De même, un peu plus loin, il ne peut tolérer, en cette même strophe, les deux vers suivants : Li reis Marsilies la tient ki Dieu n’enaimet, — Mahumet sert e Apolin recleimet[1]. Tout cela est à changer. Allons, vite, deux rimes en aigne. Les voici : Là est Marsille qui la loi Dieu n’endaigne. — Mahomet sert, mot fait folle gaaigne[2]. « Peuh ! direz-vous, que c’est chevillé, que c’est plat ! » Il est vrai ; mais les rimes sont si riches !

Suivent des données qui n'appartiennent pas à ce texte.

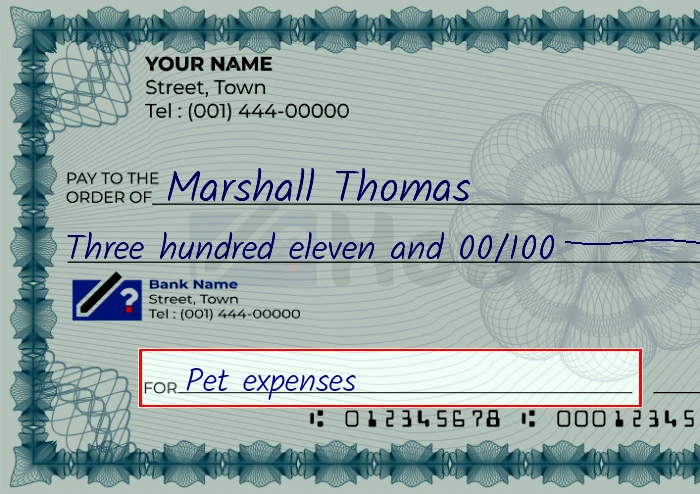Step 5: Fill out the memo on the 311 dollar check, showing a check with 'Pet expenses' written in the memo field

Que d’exemples nous pourrions citer[3] ! Presque toujours

  1. Oxford, v, 7, 8.
  2. Versailles, v, 8 et 9.
  3. Au lieu de : Ne ben ne mal ne respunt sun nevuld (Oxf. v, 216), Versailles porte : Toz coiz se tint, ne dist ne o ne non. (v. 257). ═ Au lieu de : De cez paroles que vos avez ci dit, — En quel mesure en purrai estre fiz (v. 145-146), on lit dans le même remaniement : De ceste couse que il mandée m’a — Com faitement m’en asicurera (v. 171, 172). ═ Au lieu de Là siet li Reis ki dulce France tient (v. 116), le même texte rajeuni nous offre : S’asist li reis qui France a à bailler (v. 132). ═ Tandis que la version d’Oxford nous donne : Meillor vassal n’aveit en la curt nul (231), l’auteur du refazimento de Versailles est contraint par sa rime en uz de reconstruire ce vers tout autrement : Mieudres vassaus ne fu en cort veüz (v. 272). ═ De même, pour le vers 229 du texte de la Bodléienne : Laissum les fols, as sages nus tenuns, qui a été modifié ainsi qu’il suit : Laist on le fou, aus sages se teigne on (v. 269 du ms. de Versailles). ═ On comparera au même titre les vers suivants de la version primitive : En la citet n’en est remés paien — Ne seit ocis u devient chrestien (v. 101, 102) et ceux-ci de la version remaniée : Les Sarrasins a fait toz detrencher, — S’il ne vost croire et faire baptiser (Versailles, 117, 118). ═ Le même besoin absolu, la même nécessité de changer les assonances en rimes, a motivé les changements suivants : As quatre esturs lor est avenut ben ; — Li quint après lor est pesant e gref (Oxf., v, 1,686, 1,687). Ces vers reçoivent une autre forme dans le texte de Versailles : A quatre estors se puent bien aider ; — Li quins après fut mot à redoter. ═ Au lieu de : L’Emperere en tent ses mains vers Deu (Oxf., 137), on lit, dans le même manuscrit que nous prenons pour type : Ot le li rois, soi prist à merveiller (v. 165). ═ Au lieu de : E as eschecs li plus saive e li veill (Oxf., 112), le rajeunisseur a écrit : Et auquant d’els joent à l’escachier (v. 128) ; et, au lieu de : Car m’eslisez un barun de ma marche (v. 275), il a, à cause de la rime en age, imaginé le vers suivant qui est certainement plus plat : Ensegniez moi un home de bernage (v. 326) etc., etc. ═ Nous avons cité dans nos Épopées françaises (I, p. 290, 291) une foule d’autres exemples tirés du Roland. Nous tenons à répéter que ces modifications vers par vers sont toutes nécessitées par les besoins de la rime.